What to do - dog on the floor at all times. Dogs do not sit on laps, nor are they invited for cuddles or to rest their body on you. Make sure your dog sees you carrying your toddler, and sees you rewarding the toddler BEFORE he gets anything. If you are on the floor, the dog can be beside you, but not on you (I say this, although my DH allows our youngest Elkhound to lounge all over him - but she doesn't do it to anyone else, its their 'thing').
Also teach the toddler to be in charge of handing our some sort of regular treat. My DD started giving our dogs their evening treat around that age, with my hands-on assistance (my big dog wouldn't take them from her otherwise).
Finally, he may be slightly 'possessive' of his things, including food and treats. This can be a problem if you don't address it, because there will come a time when he has something in his mouth that he cannot have, and you want him to hand it over without a fuss.

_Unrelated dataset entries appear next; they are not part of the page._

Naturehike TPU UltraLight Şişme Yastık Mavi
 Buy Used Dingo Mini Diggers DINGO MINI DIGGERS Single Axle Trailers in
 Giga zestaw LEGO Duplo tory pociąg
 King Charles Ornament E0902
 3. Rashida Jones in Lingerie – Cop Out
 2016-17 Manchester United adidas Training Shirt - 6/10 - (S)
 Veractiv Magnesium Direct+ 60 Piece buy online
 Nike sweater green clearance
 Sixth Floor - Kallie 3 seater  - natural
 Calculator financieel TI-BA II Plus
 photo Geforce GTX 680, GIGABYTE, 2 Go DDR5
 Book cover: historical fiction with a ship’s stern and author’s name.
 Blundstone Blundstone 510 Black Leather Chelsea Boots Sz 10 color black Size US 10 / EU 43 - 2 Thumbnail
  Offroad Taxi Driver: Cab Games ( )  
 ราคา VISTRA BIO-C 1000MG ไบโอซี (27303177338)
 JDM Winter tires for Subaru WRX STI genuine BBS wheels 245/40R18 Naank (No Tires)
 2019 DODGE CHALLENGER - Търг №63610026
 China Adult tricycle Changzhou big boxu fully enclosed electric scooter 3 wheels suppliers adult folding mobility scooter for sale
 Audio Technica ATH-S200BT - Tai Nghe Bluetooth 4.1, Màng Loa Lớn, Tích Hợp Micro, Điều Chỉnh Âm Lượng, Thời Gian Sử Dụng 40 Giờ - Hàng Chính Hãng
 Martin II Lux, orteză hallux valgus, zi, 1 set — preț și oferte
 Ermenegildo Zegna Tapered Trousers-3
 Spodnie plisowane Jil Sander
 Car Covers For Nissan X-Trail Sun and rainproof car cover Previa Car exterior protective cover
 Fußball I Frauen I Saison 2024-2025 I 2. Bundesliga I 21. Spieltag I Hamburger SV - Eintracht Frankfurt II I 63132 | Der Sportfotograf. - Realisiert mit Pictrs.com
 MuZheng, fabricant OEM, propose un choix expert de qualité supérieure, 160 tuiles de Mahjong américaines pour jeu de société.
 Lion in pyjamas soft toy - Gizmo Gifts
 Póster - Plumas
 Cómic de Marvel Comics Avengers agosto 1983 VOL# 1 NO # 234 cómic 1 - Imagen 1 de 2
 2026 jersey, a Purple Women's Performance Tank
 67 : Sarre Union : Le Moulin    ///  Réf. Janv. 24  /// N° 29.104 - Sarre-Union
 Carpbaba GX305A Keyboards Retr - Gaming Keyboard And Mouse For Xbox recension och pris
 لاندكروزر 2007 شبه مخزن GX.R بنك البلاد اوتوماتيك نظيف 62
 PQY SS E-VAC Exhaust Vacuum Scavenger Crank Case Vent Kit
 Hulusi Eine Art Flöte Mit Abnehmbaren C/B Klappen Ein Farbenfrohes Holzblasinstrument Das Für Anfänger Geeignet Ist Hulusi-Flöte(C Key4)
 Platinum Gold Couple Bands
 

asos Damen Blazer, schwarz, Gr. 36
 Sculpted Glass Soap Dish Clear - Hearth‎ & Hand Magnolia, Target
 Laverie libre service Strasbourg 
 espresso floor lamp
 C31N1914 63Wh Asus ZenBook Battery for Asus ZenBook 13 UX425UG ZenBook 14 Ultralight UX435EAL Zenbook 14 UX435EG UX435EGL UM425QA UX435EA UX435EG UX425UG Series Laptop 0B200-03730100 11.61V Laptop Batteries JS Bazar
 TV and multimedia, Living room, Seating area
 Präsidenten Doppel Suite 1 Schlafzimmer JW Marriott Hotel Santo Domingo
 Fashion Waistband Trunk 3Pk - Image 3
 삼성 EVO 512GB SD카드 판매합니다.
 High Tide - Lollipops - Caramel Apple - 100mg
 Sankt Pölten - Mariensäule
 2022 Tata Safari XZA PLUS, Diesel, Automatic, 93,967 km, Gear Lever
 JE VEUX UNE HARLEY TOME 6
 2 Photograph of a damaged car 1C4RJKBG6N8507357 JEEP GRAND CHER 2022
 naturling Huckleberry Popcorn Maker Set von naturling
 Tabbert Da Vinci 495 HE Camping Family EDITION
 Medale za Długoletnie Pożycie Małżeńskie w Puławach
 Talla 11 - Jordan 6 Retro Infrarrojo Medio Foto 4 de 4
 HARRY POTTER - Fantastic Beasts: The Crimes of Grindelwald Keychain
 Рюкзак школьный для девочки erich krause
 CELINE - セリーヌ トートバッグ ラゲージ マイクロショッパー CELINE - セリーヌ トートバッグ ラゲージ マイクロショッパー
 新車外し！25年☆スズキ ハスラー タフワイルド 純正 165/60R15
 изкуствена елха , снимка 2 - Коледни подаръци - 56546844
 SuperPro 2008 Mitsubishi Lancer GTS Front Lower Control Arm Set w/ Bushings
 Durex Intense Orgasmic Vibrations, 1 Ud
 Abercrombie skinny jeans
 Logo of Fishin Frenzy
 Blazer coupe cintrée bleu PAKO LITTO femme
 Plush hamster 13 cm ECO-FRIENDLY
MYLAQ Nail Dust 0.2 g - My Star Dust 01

Usually, for toys and objects we use the 'give' command, and reward/swap a treat for the object. I'd suggest that you, and the kids play this training game. You should start until he gets the hang, then let the kids have a go at offer/swap, until he is happy to relinquish whatever it is he has in his mouth. Eventually, he'll work out that bringing things to you and dropping them might also be reward-worthy.